AI Ways of Seeing: Vincent Creates the Starry Night

Documenting the Development of a Work Made Using AI Art Generators

David R. Smith
13 min readNov 14, 2022

I am excited to present the seventh installment of the AI Ways of Seeing medium.com series, which is exploring art somewhat in the iconoclastic tradition of the great book by John Berger, Ways of Seeing (1972, Penguin Books). That book was hugely influential in my intellectual and creative development. I encourage you to read it.

In this installment we will look at the specific processes I used to create a few works. I don’t like to reveal my “secrets” as there is a commercial advantage, but on the other hand, it’s always good to document a process. Here is what we will be looking at:

Article header image, Vincent the Digital Artist at work.

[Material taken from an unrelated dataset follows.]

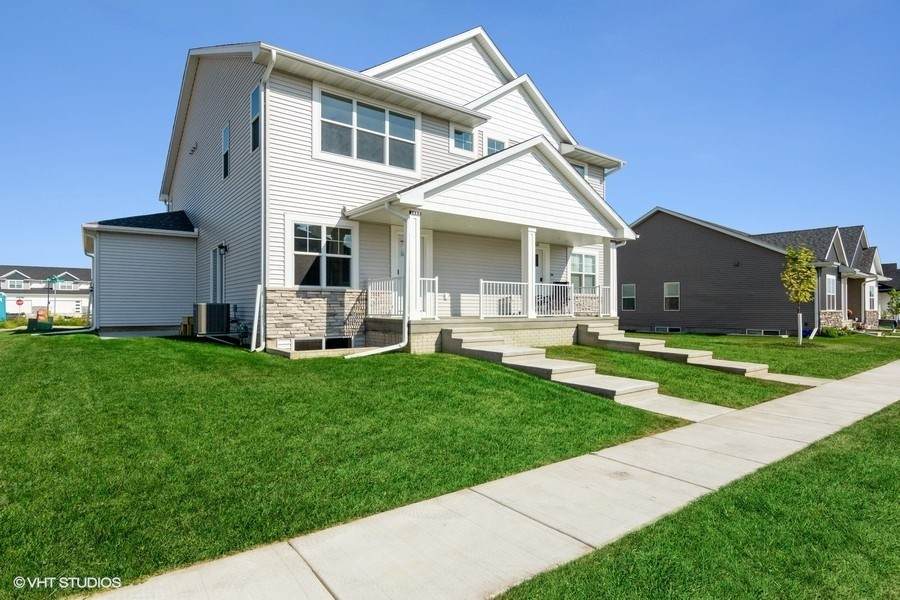 2485 Rookwood Lane - Photo 1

Before we do that, you might enjoy reading the previous installment of this series:

Opportunistic Processes

A lot of media attention has focused on the ease and speed of the creation of AI Art images. But this is not really correct, it is just a surface observation made by those who are not in the know.

AI Art is quite easy and fast if the artist serves primarily as an operator to a system, taking the position of accepting what comes. This is for lack of a better description, a kind of SAAS, “Art As A Service,” or “AAAS.”

The operator’s function in AAAS is to observe until enough successive tries have been attempted to produce an artifact that satisfies them aesthetically. This is how many people understand AI Art. A prompt is entered, something is returned.

There is a word for this, it is called opportunism. In all artistic activity there is an element of opportunism, it is not wrong or bad. However, opportunistic art is entirely at the mercy of the relative fruitfulness of the system. It is like walking in an apple orchard in fall. We’ll find plenty to eat, then. But later in the year, there’s nothing left to be found.

To go beyond this stage, there are two forms of activity that can be observed in people who are consistently productive: mastery of tools and techniques (basically, craft) and creativity.

The craft aspect of AI Art is very much in its infancy and what I will document below is very rudimentary. The programmers are certainly still working on their end, but the artists are also busy trying to figure things out. So that’s the “craft” aspect.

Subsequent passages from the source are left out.